Houve uma religiosa inglesa que era a
sobrinha de Lorde Stanley Bowling,
que fora, entre as duas Guerras Mundiais, Primeiro Ministro conservador da
Inglaterra. Essa senhora ingressou em um convento na Itália – um convento
estritamente contemplativo – e lá esteve durante mais de quinze anos. Depois,
talvez por razões de saúde, foi obrigada a ausentar-se. E voltou à Inglaterra.
Então escreveu suas memórias. E em suas memórias ela conta a surpresa que teve
quando estando fora do mundo durante quinze anos, voltou. E como todas as
coisas tinham mudado. A estrutura social, a maneira de vestir-se, o modo de
falar, as regras de etiqueta e de delicadeza, as idéias, as tendências, a
psicologia, enfim, dos homens tinha mudado. E ela dizia que em quinze anos uma
Inglaterra havia sido substituída por outra Inglaterra.
Essa substituição ela notou porque
esteve quinze anos fora. Mas se ela estivesse, como tantos outros, dentro da
vida diária, não o teria percebido, ou teria percebido de um modo muito
confuso, de modo muito indeciso. Esta transformação nós a conhecemos também na
Argentina, no Brasil, nos outros países. Mas nós não nos damos conta porque não
estivemos como ela quinze anos fora. Mas se nós refletíssemos sobre todas essas
mudanças, compreenderíamos que algo na psicologia, na morfologia, na fisionomia
da sociedade cristã – se se pode ainda falar de uma
sociedade cristã – algo está se transformando pro-fun-da-men-te.
Qual é essa transformação? Olhemos, por
exemplo, a família. Todas as transformações que se observam sobre a família são
transformações que conduzem à destruição da família. Dia a dia, por exemplo,
morre o sentido da finalidade da família. A finalidade da família é a
perpetuação da espécie. A finalidade da família é a educação dos filhos. A
finalidade da família é a felicidade dos cônjuges. Mas dia a dia, a noção do
dever da perpetuação da espécie morre. E se constituiu, inclusive, uma espécie
de pânico da explosão demográfica do mundo, que faz quase considerar a função
procriadora da família como uma catástrofe, e como algo que se deve freiar de todas as maneiras.
Na vida doméstica cotidiana, todas as
transformações de costumes se passam de uma maneira que a função de educação
dos filhos fica cada vez menos considerada, é menos importante. E a própria
influência dos pais, para educar os filhos decai. E com isso – perdendo seu sentido
de finalidade – evidentemente a família perde o melhor de sua vitalidade.
Porque tudo que perde o sentido do porquê, perde o sentido de sua causa, fica
na impossibilidade de atuar e de conservar sua identidade consigo mesmo.
Observem os senhores o problema da
coesão da família.
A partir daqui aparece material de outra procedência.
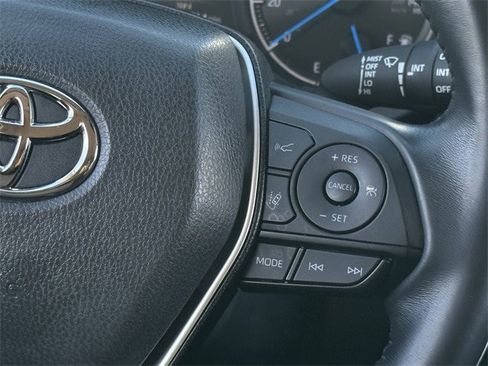 Used 2024 Toyota Venza LE image 14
A falta de finalidade repercute sobre a coesão. Há a todo o
momento leis, propostas de leis, tentativas de destruir a coesão da família.
Por exemplo, no Brasil se fala, no momento, de fazer uma reforma do Código
Civil. Qual é o primeiro artigo de um dos projetos mais em evidência dessa
reforma sobre a família? “Não há mais chefe na sociedade conjugal”. É afirmado
o princípio de absoluta igualdade do esposo e da esposa no matrimônio, e por
esse princípio de igualdade se estabelece uma divisão, porque todo corpo que se
corta a cabeça, evidentemente perece. E então, se favorece, nesse projeto, de
tal maneira a divisão que, excetuado se o noivo e a noiva declaram querer o
regime de comunhão de bens, se presume como válida a separação de bens. Quer dizer,
as leis impulsionam rumo à dissolução, à perda da coesão.
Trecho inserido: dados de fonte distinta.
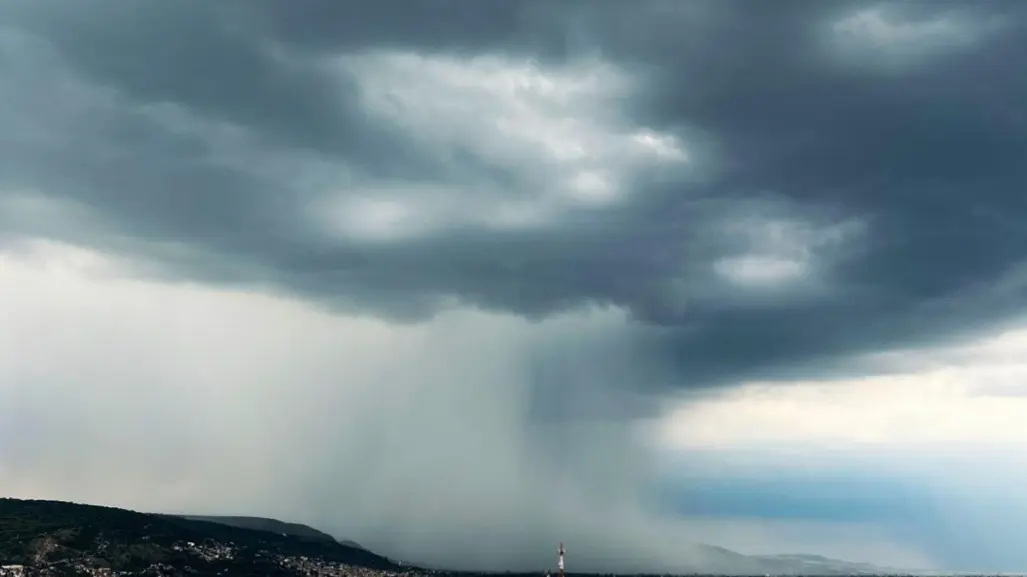 Tormenta provoca caos en León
O pátrio poder diminui. Os filhos se
tornam eleitores com 18 anos. E se um jovem com 18 anos pode eleger o Presidente
da República, tem muita dificuldade para escutar as orientações de seus pais.
Pois ele é um eleitor maior de idade e que pode decidir sobre todos os
problemas da causa pública, que lhe restará de disciplina, que lhe restará de
espírito de subordinação em relação a seus pais?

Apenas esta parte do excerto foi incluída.